Image-caption web data

-*-

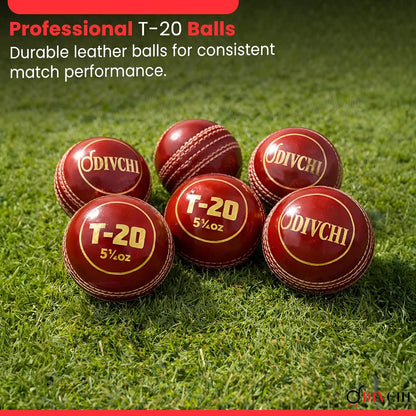 DIVCHI professional T20 leather cricket balls on grass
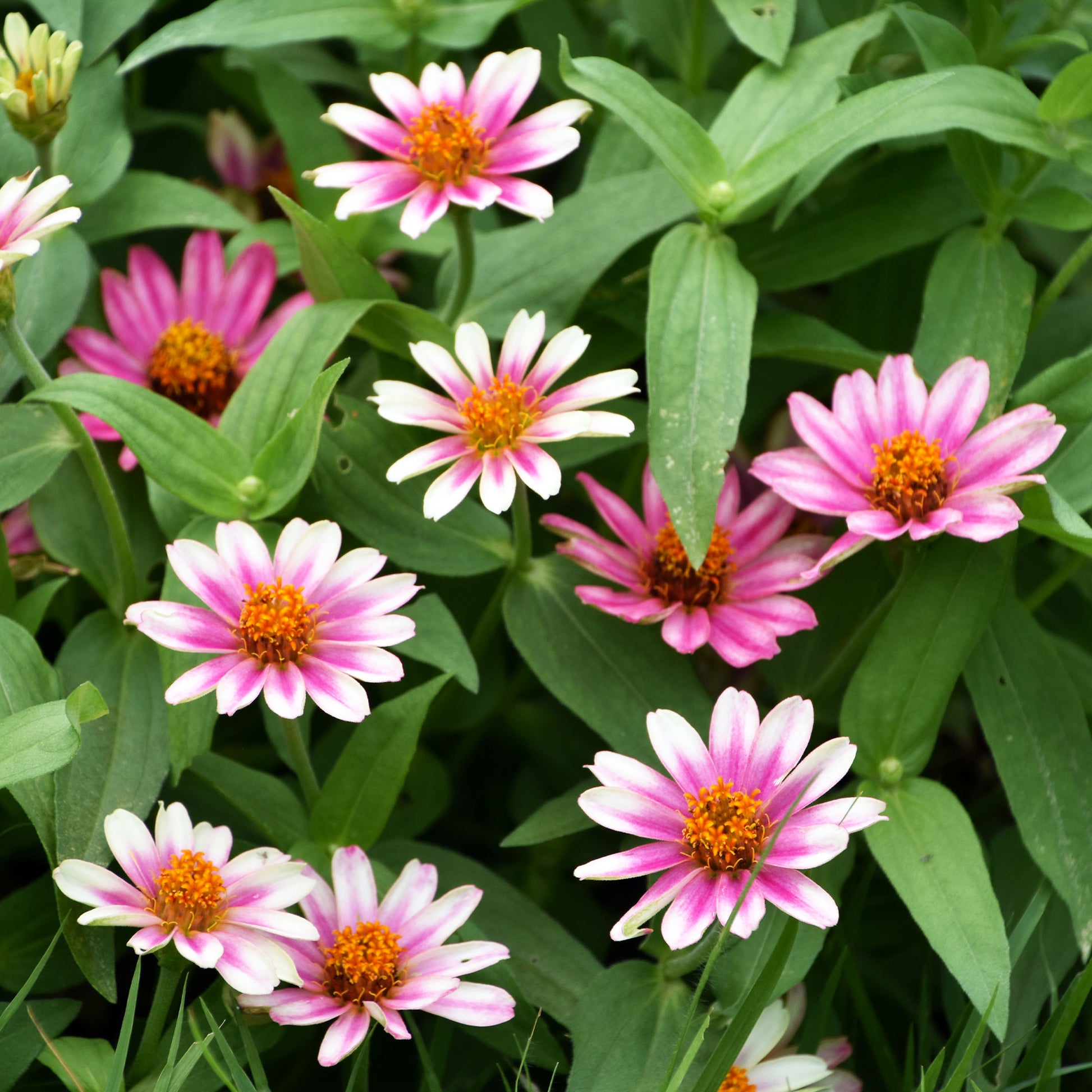 Samen für Blumenbeete und -ränder - Zinnie 'Caroussel' gefüllt Mischung - Zinnia elegans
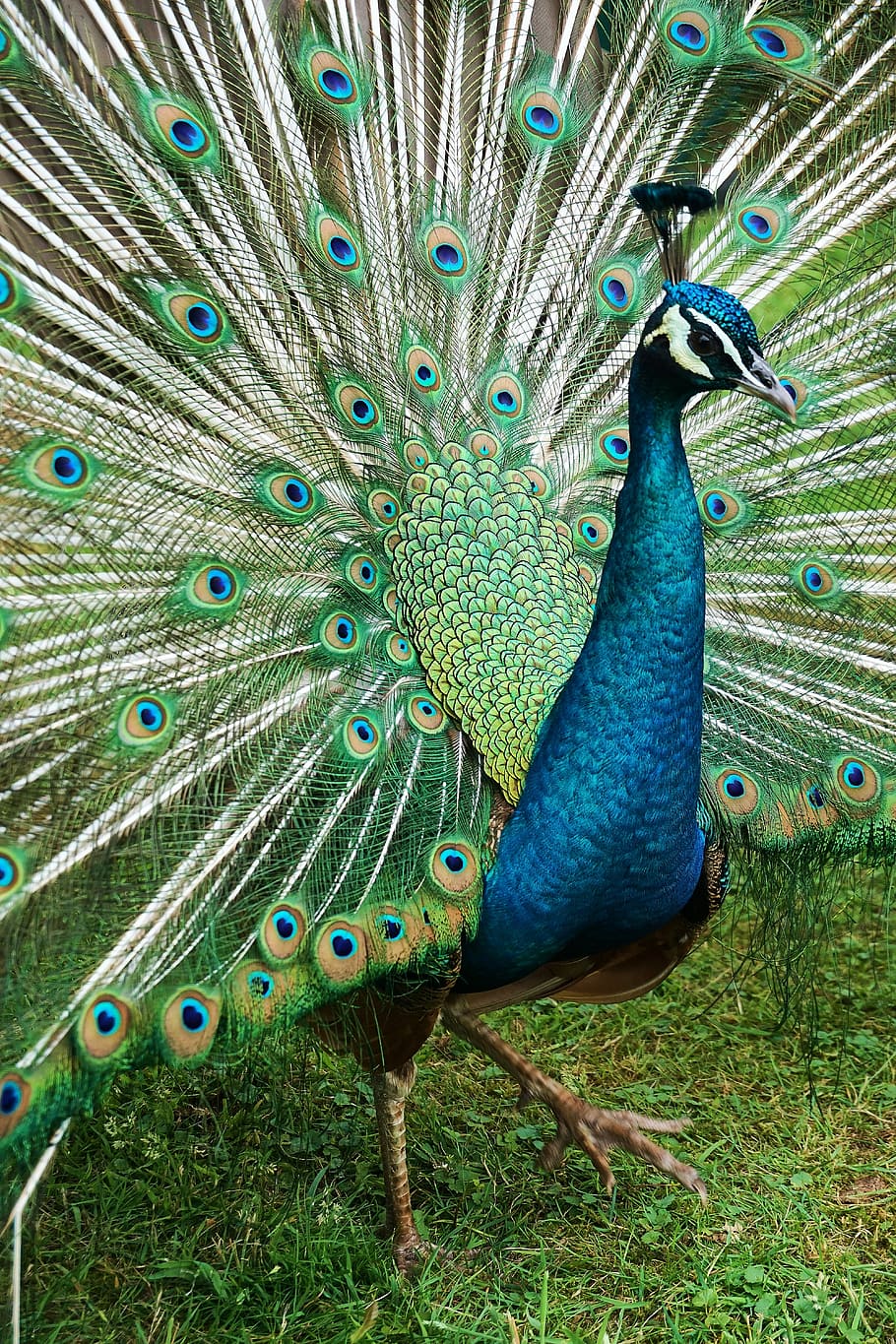 peacock, bird, nature, animal, feather, plumage, animal world, peacock feathers, wheel, colorful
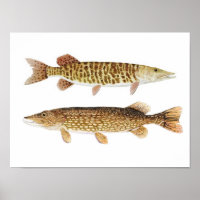 Poster de arte de Pike y Barred Muskie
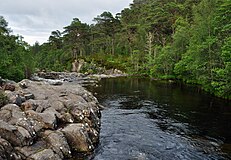 Glen Affric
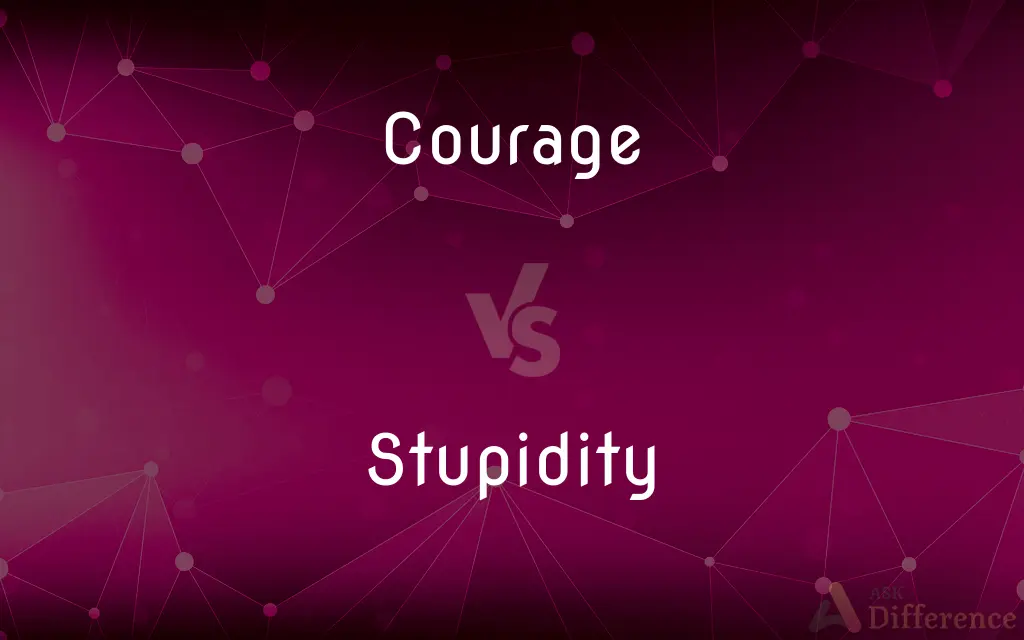 Courage vs. Stupidity — What's the Difference?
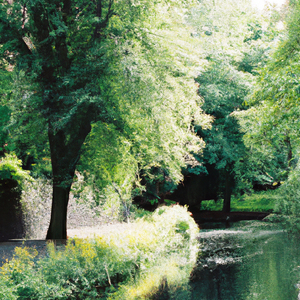 Arboretum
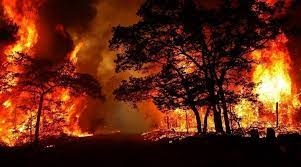 حرائق الغابات في جنوب شرق فرنسا تقضي على 900 هكتار من الأراضي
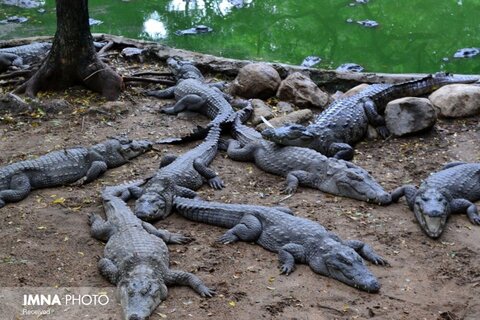 ثبت تولد ۷۰ سر نوزاد گاندو برای نخستینبار در ایران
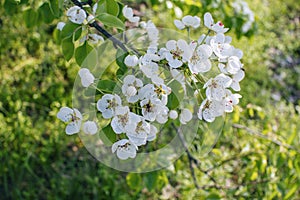 Blooming pear branch with delicate white flowers and a small bee on the petals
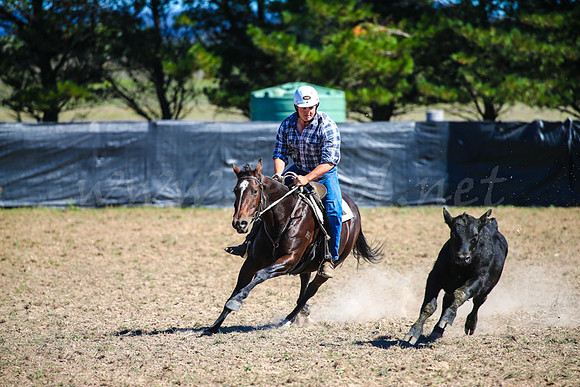 GoulburnCampdraft2017-0420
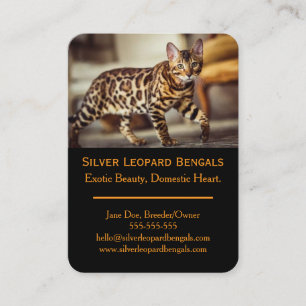 Carte de visite d'éleveur de chats Bengal de luxe 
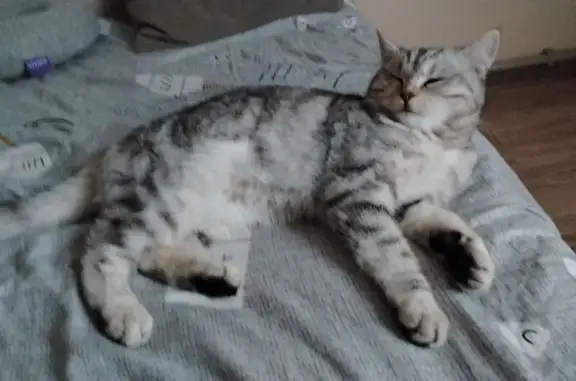 Пропала кошка, Первомайская 12, Житковичи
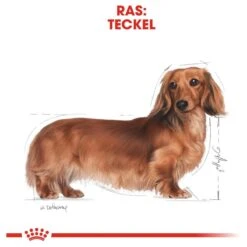 Royal Canin Dachshund/Teckel Adult 7.5 KG 26 Royal Canin Dachshund/Teckel Adult 7.5 KG -Hondenartikelen Serie Winkel 1200x1200 30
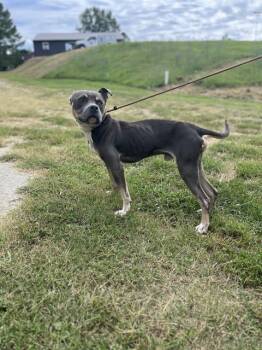 Rescue American Staffordshire Terrier Dogs for Adoption in Chester, South Carolina - KIKO | PetCurious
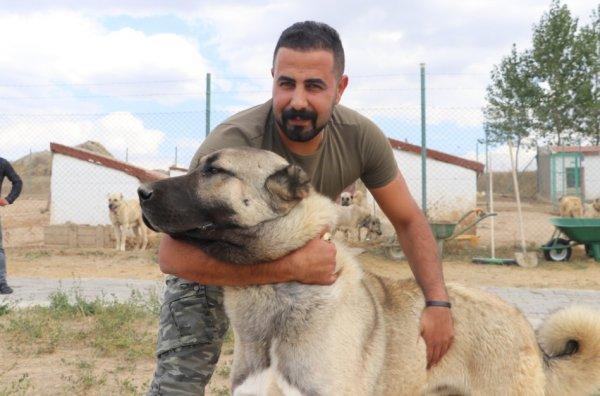 Kangal köpekler şimdi de sınırları koruyacak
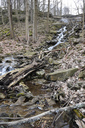 Sisters of Mary Falls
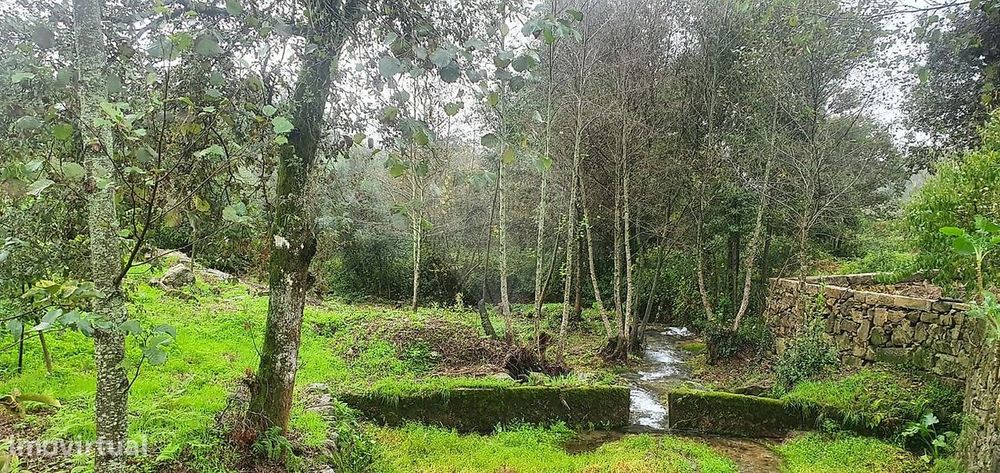 Terreno  para venda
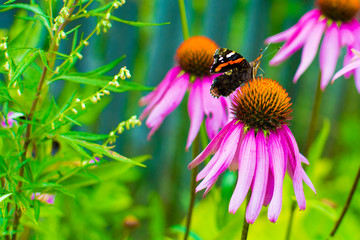 Butterfly on the flower. Concept: garden plants, nature and recreation outside the city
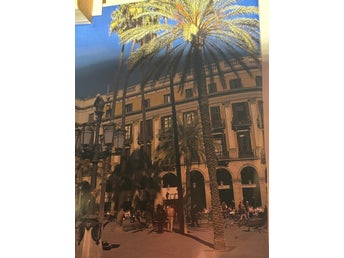 Flygresa Göteborg Barcelona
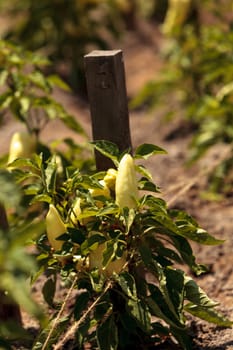 Ivory bell pepper grows in a vegetable garden in summer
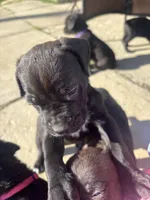 Blue, a male Cane Corso for sale in Banning, CA – Photo 4 of 5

-*-

When you reproduce the entries above, keep every word exactly and leave out each picture.

**Output for this task:**
 DIVCHI professional T20 leather cricket balls on grass
 Samen für Blumenbeete und -ränder - Zinnie 'Caroussel' gefüllt Mischung - Zinnia elegans
 peacock, bird, nature, animal, feather, plumage, animal world, peacock feathers, wheel, colorful
 Poster de arte de Pike y Barred Muskie
 Glen Affric
 Courage vs. Stupidity — What's the Difference?
 Arboretum
 حرائق الغابات في جنوب شرق فرنسا تقضي على 900 هكتار من الأراضي
 ثبت تولد ۷۰ سر نوزاد گاندو برای نخستینبار در ایران
 Blooming pear branch with delicate white flowers and a small bee on the petals
 GoulburnCampdraft2017-0420
 Carte de visite d'éleveur de chats Bengal de luxe 
 Пропала кошка, Первомайская 12, Житковичи
 Royal Canin Dachshund/Teckel Adult 7.5 KG 26 Royal Canin Dachshund/Teckel Adult 7.5 KG -Hondenartikelen Serie Winkel 1200x1200 30
 Rescue American Staffordshire Terrier Dogs for Adoption in Chester, South Carolina - KIKO | PetCurious
 Kangal köpekler şimdi de sınırları koruyacak
 Sisters of Mary Falls
 Terreno  para venda
 Butterfly on the flower. Concept: garden plants, nature and recreation outside the city
 Flygresa Göteborg Barcelona
 Ivory bell pepper grows in a vegetable garden in summer
 Blue, a male Cane Corso for sale in Banning, CA – Photo 4 of 5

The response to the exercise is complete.